ImageFile.LOAD_TRUNCATED_IMAGES = True
warnings.filterwarnings("ignore", category=UserWarning)

# ────────────────────────── 1. 인자 & 고정값
parser = argparse.ArgumentParser()
parser.add_argument("--sigma", type=float, default=0.1,
                    help="Gaussian noise std (default 0.1)")
args, _ = parser.parse_known_args()          # Jupyter -f 옵션 무시
SIGMA = args.sigma                           
TAG   = f"noise{SIGMA:.2f}".replace('.', '') 

SEED = 42
CSV  = r"C:\Users\ast\Documents\project\train.csv"
IMG  = r"C:\Users\ast\Documents\project\train_images"
SPLIT = "split42_70-30.json"

BATCH  = 16
EPOCHS = 10
LR     = 1e-4
WD     = 3e-4
SMOOTH = 0.05

OUT_MET  = f"result_exp3_{TAG}.json"
OUT_PRED = f"pred_exp3_{TAG}.csv"

# --- 증강본 저장 옵션 ---
SAVE_AUG            = True
SAVE_DIR            = f"./aug_vis_{TAG}"
SAVE_FIRST_BATCHES  = 2     # (a) 처음 k 배치
SAVE_PER_CLASS      = 2     # (b) 클래스별 최대 c 장
SAVE_TOTAL_LIMIT    = 120   # (c) 전체 n 장
os.makedirs(SAVE_DIR, exist_ok=True)

# ────────────────────────── 2. 시드 고정
def seed_all(s: int):
    random.seed(s); np.random.seed(s); os.environ["PYTHONHASHSEED"] = str(s)
    torch.manual_seed(s); torch.cuda.manual_seed_all(s)
    torch.backends.cudnn.deterministic = True
    torch.backends.cudnn.benchmark = False
seed_all(SEED)

# ────────────────────────── 3. Dataset 및 변환
class AddGaussianNoise:
    def __init__(self, std: float):
        self.std = std
    def __call__(self, t: torch.Tensor):
        return t + torch.randn_like(t) * self.std
    def __repr__(self):
        return f"AddGaussianNoise(std={self.std})"

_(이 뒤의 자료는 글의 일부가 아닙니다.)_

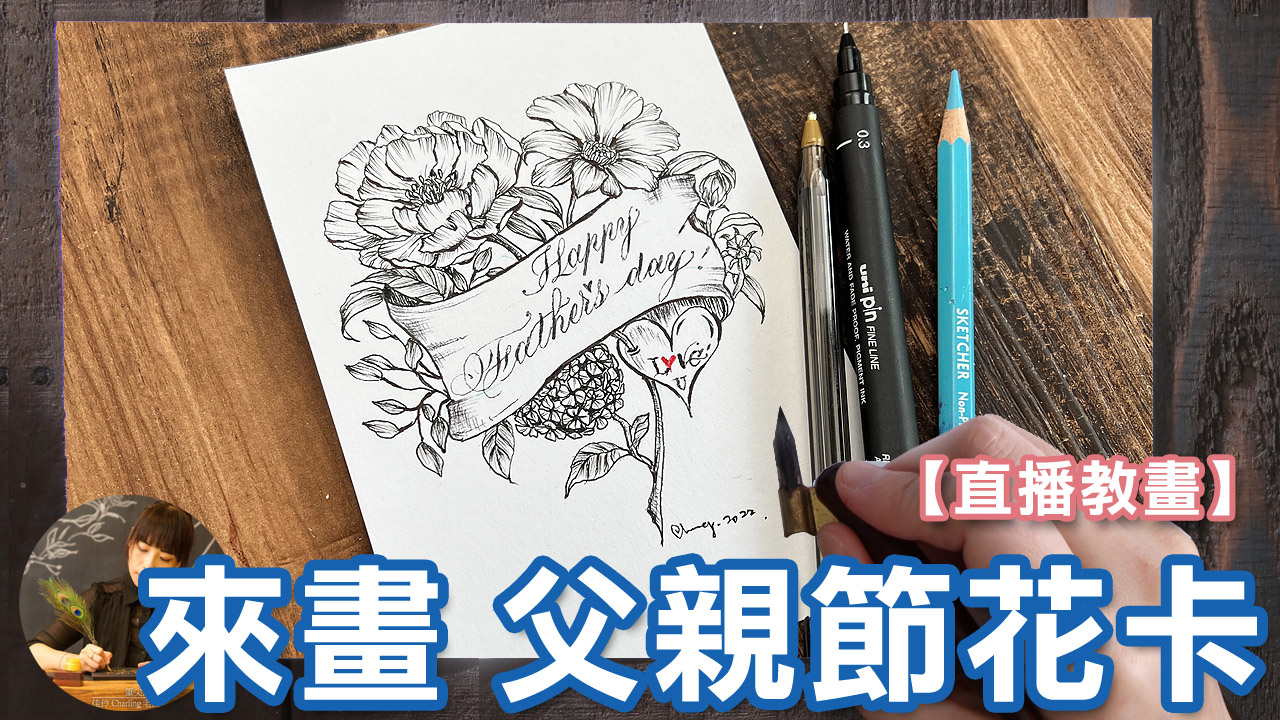 【免費解鎖 課程】 一起來畫 父親節花卡! ( 代針筆、原子筆 ) 8/2~8/4 解鎖課程 - 筆尖溫度 Calligraphy01.com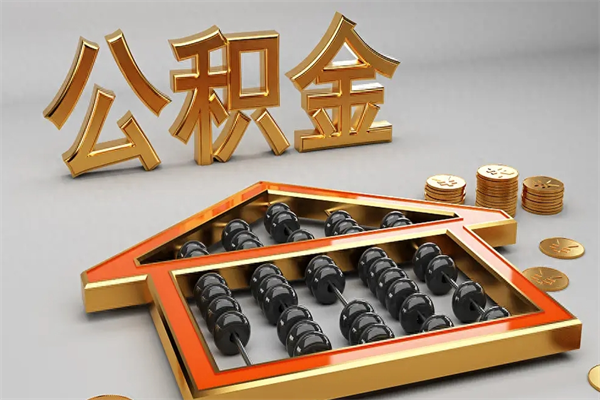 张掖代提公积金（代提取住房公积金）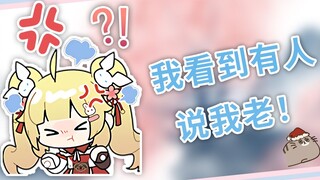 [C-chan/Api] Anh muốn ép chết tôi à! Tôi thấy có người gọi tôi là già!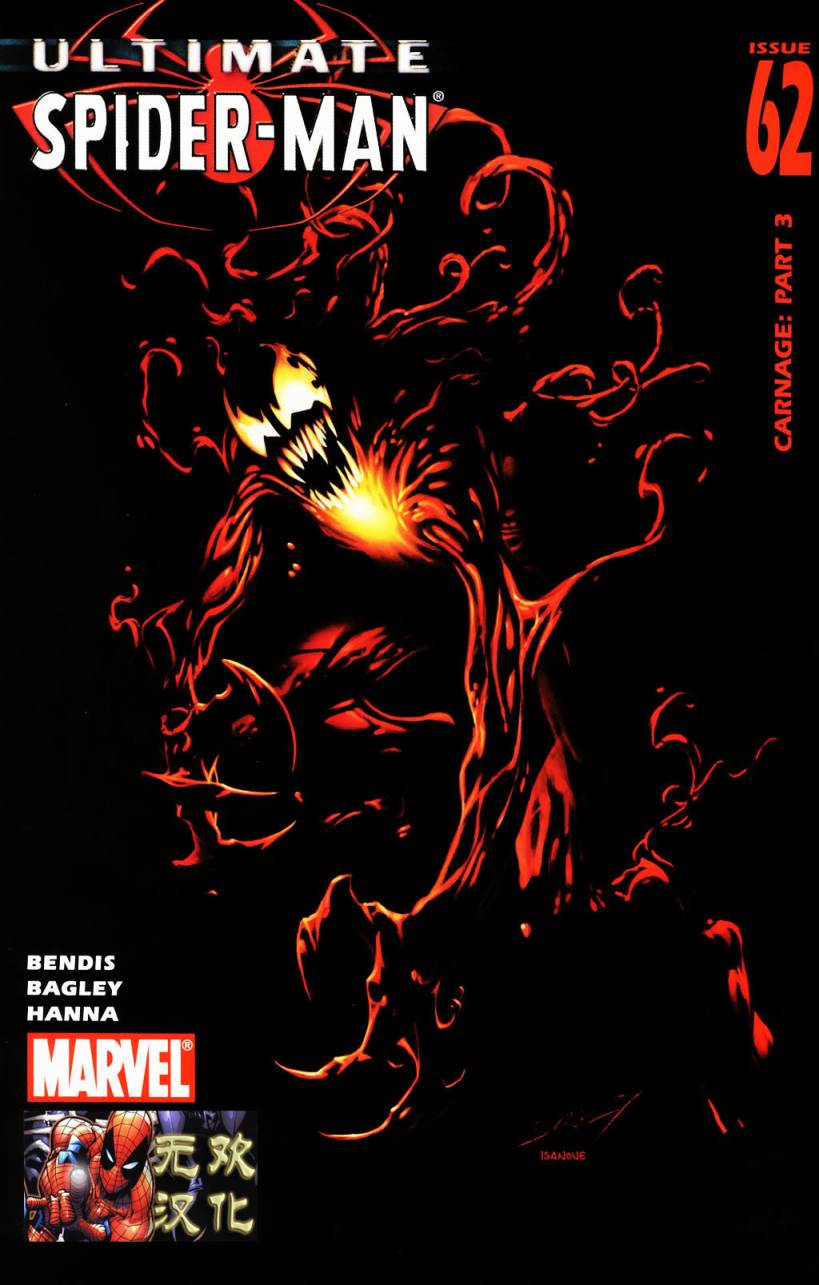 终极蜘蛛侠第62话图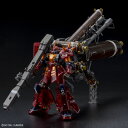 BANDAI SPIRITS/バンダイスピリッツ MG 1/100 高機動型ザク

train_tf = transforms.Compose([
    transforms.RandomHorizontalFlip(0.5),
    transforms.RandomVerticalFlip(0.5),
    transforms.ColorJitter(brightness=0.2, contrast=0.2),
    transforms.Resize((224, 224)),
    transforms.ToTensor(),
    AddGaussianNoise(SIGMA),
    transforms.Normalize([0.5] * 3, [0.5] * 3),
])
test_tf = transforms.Compose([
    transforms.Resize((224, 224)),
    transforms.ToTensor(),
    transforms.Normalize([0.5] * 3, [0.5] * 3),
])

class ScrapDataset(Dataset):
    def __init__(self, df: pd.DataFrame, tf, le, save_aug=False):
        self.df = df.reset_index(drop=True).copy()
        self.dir = IMG
        self.tf = tf
        self.cls = le.transform(self.df["weight_class"])
        self.save_aug = save_aug
        self.saved_total = 0
        self.class_cnt = {i: 0 for i in range(len(le.classes_))}

    def __len__(self):
        return len(self.df)

    def __getitem__(self, idx):
        row = self.df.iloc[idx]
        img_pil = Image.open(os.path.join(self.dir, row.filename)).convert("RGB")
        tensor = self.tf(img_pil)

        # ---- 증강본 저장 ----
        if (self.save_aug
            and self.saved_total < SAVE_TOTAL_LIMIT
            and self.saved_total < SAVE_FIRST_BATCHES * BATCH
            and self.class_cnt[self.cls[idx]] < SAVE_PER_CLASS):
            fname = f"{self.saved_total:04d}_{row.filename}"
            save_path = os.path.join(SAVE_DIR, fname)
            save_image((tensor * 0.5 + 0.5).clamp(0, 1), save_path)
            self.saved_total += 1
            self.class_cnt[self.cls[idx]] += 1
        # ---------------------

        return tensor, torch.tensor(self.cls[idx]), row.filename

# ────────────────────────── 4. 데이터 분할 로드
df = pd.read_csv(CSV)
if os.path.exists(SPLIT):
    idx = json.load(open(SPLIT))
    train_idx, test_idx = idx["train"], idx["test"]
else:
    train_idx, test_idx = train_test_split(
        range(len(df)), train_size=70, test_size=30,
        stratify=df["weight_class"], random_state=SEED)
    json.dump({"train": train_idx, "test": test_idx}, open(SPLIT, "w"))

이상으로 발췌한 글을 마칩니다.